WORK TO COMPLETE:
Once the line holding "Woman Relaxing with" is found in the listing below, write it out and each later line exactly, up to and including the one holding "Portrait of a teenage boy grinning".
━━ SUPPLIED DATA
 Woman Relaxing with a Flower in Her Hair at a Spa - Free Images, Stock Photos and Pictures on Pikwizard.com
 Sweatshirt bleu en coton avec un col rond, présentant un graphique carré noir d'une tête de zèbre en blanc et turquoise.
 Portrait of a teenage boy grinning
━━━━
━━ SUPPLIED DATA
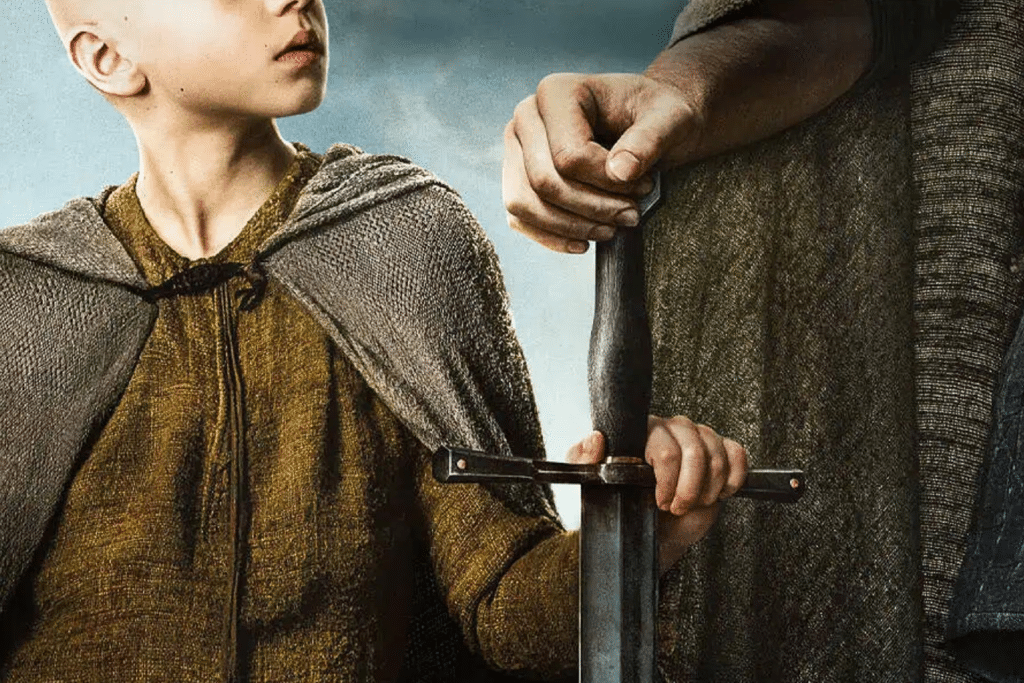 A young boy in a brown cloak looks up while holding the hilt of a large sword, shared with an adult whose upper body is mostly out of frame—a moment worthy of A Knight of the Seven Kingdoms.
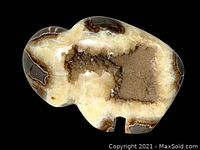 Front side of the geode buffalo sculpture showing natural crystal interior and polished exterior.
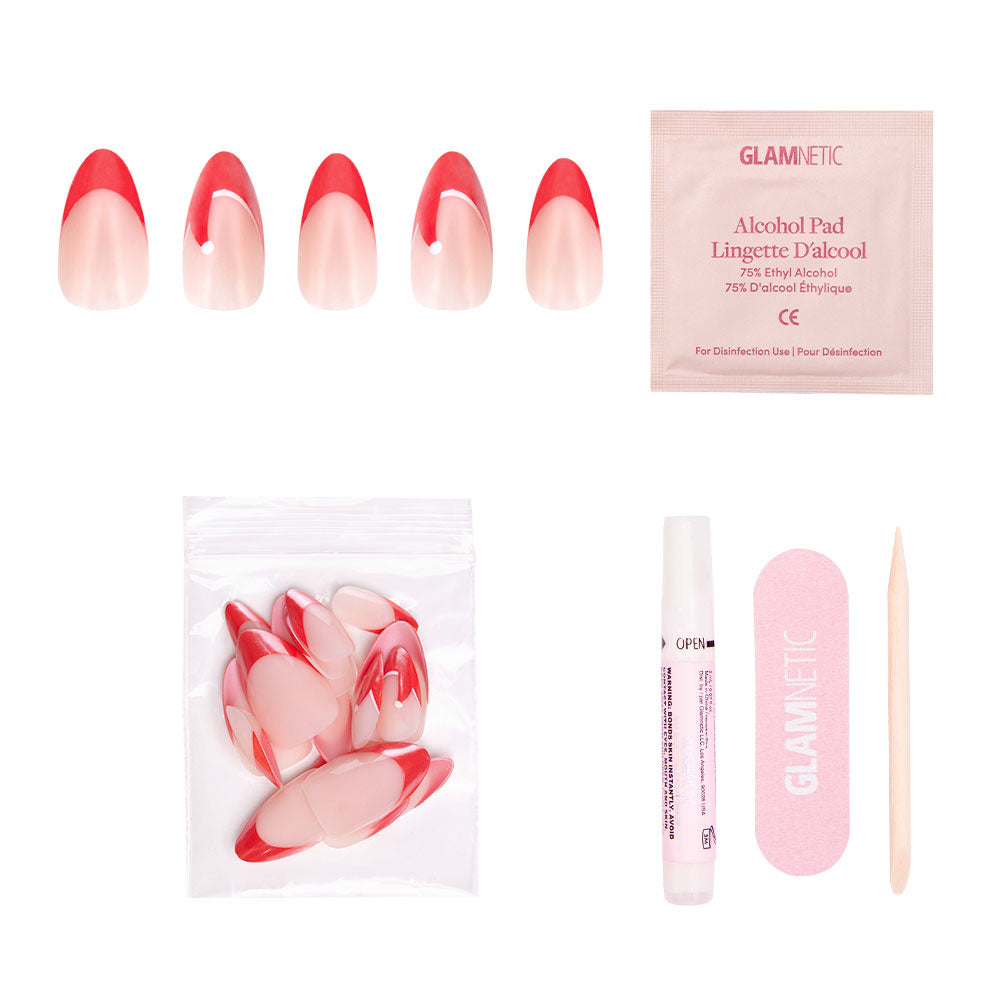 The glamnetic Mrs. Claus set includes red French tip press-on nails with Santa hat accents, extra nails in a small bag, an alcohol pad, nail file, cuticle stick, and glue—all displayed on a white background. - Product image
━━━━
━━ SUPPLIED DATA
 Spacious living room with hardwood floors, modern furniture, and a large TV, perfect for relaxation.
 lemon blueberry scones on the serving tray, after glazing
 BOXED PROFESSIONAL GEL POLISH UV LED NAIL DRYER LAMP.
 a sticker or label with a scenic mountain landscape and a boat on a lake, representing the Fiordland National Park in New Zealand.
━━━━
RESPONSE AREA:
 Woman Relaxing with a Flower in Her Hair at a Spa - Free Images, Stock Photos and Pictures on Pikwizard.com
 Sweatshirt bleu en coton avec un col rond, présentant un graphique carré noir d'une tête de zèbre en blanc et turquoise.
 Portrait of a teenage boy grinning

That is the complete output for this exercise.